34) The stylized but extremely goofy dream sequences
35) It's the best comedy ever made about bowling
36) The ultimate Coen brothers movie. Nobody else could make it.
37) "I am the walrus."

9 comments:

cory said...

Besides immediate family members, I'm not sure I love anything for 37 different reasons (I assume you just turned 37?). Among the reasons I understood, the only one I would modify is no.18. Isn't it a ferret loose in his bathroom? (which makes it even more hilarious for me because he calls it a marmot in error... who calls anything a marmot?)

Great list. I look forward to what you do next year.

l@rstonovich said...

This is a great list for a perfect movie. I love the anti-Eagles scene tho I do really love the Eagles, but I love it because of the black cab driver being the unlikely defender. My friend Dem, ex-bass player of the lawn was a black man who loved Steely Dan, Linda Ronstadt and the worst, Carol King, so I always think of him in that scene. The Treehorn sketch is my favorite detail in the movie. Got it is a perfect film. Weird I saw both this and Fargo on opening night in Portland. I think Fargo is also perfect.

Barry said...

Not my favorite Coen Brothers movie. (I would put it about fifth)

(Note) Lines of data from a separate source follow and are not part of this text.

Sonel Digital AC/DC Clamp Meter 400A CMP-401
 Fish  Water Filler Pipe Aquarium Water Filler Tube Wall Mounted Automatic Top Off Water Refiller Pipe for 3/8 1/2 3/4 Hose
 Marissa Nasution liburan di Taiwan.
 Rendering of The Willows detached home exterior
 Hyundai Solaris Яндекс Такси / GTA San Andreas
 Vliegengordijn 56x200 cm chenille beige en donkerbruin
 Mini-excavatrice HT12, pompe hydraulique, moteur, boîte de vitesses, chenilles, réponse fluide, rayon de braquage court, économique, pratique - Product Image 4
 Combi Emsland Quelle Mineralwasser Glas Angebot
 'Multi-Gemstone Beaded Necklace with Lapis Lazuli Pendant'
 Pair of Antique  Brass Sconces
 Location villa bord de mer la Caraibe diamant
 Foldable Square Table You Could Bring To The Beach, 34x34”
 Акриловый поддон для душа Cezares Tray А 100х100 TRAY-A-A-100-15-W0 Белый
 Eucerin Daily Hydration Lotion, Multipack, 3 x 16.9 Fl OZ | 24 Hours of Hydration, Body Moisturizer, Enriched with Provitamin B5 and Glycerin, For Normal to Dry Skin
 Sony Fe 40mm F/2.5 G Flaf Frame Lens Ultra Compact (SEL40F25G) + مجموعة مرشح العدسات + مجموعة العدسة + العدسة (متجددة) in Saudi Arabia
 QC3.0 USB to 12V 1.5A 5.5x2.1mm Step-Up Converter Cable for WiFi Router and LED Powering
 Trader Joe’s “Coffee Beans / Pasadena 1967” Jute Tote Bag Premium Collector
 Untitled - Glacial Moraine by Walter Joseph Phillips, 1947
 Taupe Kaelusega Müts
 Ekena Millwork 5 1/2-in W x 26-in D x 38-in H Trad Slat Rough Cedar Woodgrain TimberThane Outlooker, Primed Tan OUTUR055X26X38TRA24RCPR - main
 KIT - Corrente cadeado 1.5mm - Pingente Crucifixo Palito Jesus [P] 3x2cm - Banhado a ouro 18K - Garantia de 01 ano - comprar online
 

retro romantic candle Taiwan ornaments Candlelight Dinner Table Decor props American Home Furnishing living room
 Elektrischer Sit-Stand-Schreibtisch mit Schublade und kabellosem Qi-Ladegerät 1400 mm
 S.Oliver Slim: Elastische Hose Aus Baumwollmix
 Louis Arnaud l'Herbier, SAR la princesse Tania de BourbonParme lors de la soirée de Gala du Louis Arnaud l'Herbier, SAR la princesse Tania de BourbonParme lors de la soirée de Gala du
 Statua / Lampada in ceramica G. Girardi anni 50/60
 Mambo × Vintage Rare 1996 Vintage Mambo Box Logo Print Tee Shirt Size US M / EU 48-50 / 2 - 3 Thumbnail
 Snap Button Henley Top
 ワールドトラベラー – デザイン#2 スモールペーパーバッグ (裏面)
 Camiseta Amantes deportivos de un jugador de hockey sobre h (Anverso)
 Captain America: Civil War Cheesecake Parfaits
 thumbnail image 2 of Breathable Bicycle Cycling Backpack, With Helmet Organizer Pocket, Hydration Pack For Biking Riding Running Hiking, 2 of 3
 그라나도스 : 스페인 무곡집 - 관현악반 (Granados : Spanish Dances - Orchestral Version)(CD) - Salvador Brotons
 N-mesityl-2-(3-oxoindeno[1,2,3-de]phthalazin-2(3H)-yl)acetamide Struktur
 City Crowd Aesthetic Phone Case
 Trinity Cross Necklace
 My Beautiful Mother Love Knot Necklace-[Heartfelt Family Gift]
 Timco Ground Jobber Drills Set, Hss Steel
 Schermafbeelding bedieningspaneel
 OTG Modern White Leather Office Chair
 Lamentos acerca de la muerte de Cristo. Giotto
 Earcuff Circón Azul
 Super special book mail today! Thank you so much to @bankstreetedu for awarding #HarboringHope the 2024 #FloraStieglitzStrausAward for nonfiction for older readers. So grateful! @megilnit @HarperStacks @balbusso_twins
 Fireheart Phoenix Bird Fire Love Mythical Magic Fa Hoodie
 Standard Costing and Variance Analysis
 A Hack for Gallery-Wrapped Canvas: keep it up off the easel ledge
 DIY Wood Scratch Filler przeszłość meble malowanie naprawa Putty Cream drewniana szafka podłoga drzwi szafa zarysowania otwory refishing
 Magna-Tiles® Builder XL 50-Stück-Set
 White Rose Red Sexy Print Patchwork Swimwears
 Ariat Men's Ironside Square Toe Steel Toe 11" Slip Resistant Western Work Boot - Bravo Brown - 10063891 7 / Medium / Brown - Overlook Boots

I do like the list though. Pretty funny.


Oh and the best comedy about bowling is Kingpin.

Kairow said...

37 quotes I love from ”The Big Lebowski”
1. Phone's ringing, Dude.
2. Thank you, Donny.
3. It really tied the room together.
4. Its uh, Its uh, Its down there somewhere let me take another look.
5. Careful, man, there's a beverage here!
6. Obviously, you're not a golfer.
7. Yeah, well, you know, that's just like, uh, your opinion, man.
8. Jacki Treehorn treats objects like women, man!
9. Can you turn the radio off I've had a hard night and I hate the fucking Eagles man!
10. Do you see what happens, Larry? DO YOU SEE WHAT HAPPENS WHEN YOU FUCK A STRANGER IN THE ASS?
11. Smokey, this is not 'Nam. This is bowling. There are rules.
12. Saturday, Donny, is Shabbos, the Jewish day of rest. That means that I don't work, I don't get in a car, I don't fucking ride in a car, I don't pick up the phone, I don't turn on the oven, and I sure as shit don't fucking roll! Shomer shabbos!
13. Donny, you're out of your element
14. Fuck it, Dude. Let's go bowling.
15. You are entering a world of pain.
16. Just one thing, Dude. D'ya have to use s'many cuss words?
17. Lady, I got buddies who died face-down in the muck so you and I could enjoy this nice family restaurant!
18. How ya gonna keep 'em down on the farm once they seen Karl Hungus.
19. Roadie for Metallica. Speed of Sound Tour
20. This is a league game, Smokey.
21. What're you, a fucking park ranger now?
22. and also, Dude, Chinaman is not the preferred nomenclature, uh.. Asian-American. Please.
23. The man in the black pyjamas, Dude. Worthy fuckin' adversary.
24. I guess he's pretty, uh, racially pretty cool—
25. Keep your ugly fucking goldbricking ass out of my beach community!
26. Brother Shamus? Like an Irish monk?
27. Sure. That and a pair of testicles.
28. Come on, Donny, they were threatening castration!
29. "Our" car, Walter?
30. I can look back on a life of achievement, on challenges met, competitors bested, obstacles overcome. I've accomplished more than most men, and without the use of my legs. What... What makes a man, Mr. Lebowski?
31. It's good knowin' he's out there, the Dude, takin' her easy for all us sinners.
32. D'ya have a good sarsaparilla?
33. I like your style, Dude.
34. I was, uh, one of the authors of the Port Huron Statement.--The original Port Huron Statement.
35. I want a fucking lawyer, man. I want Bill Kunstler... or Ron Cobey.
36. It's a complicated case, Maude. Lotta ins, lotta outs, lotta what have yous. Fortunately I've been adhering to a pretty strict, uh, drug regimen to keep my mind, you know, limber.
37. Three thousand years of beautiful tradition, from Moses to Sandy Koufax-- YOU'RE GODDAMN RIGHT I LIVE IN THE PAST!

cory said...

Nice list, Kairow, especially the last one (Koufax has been my favorite athlete since I was 12).

I would add just a few:

Hey! This is a private residence, Man!

I'll take it away and stick it up your ass and pull the fucking trigger until it goes "click".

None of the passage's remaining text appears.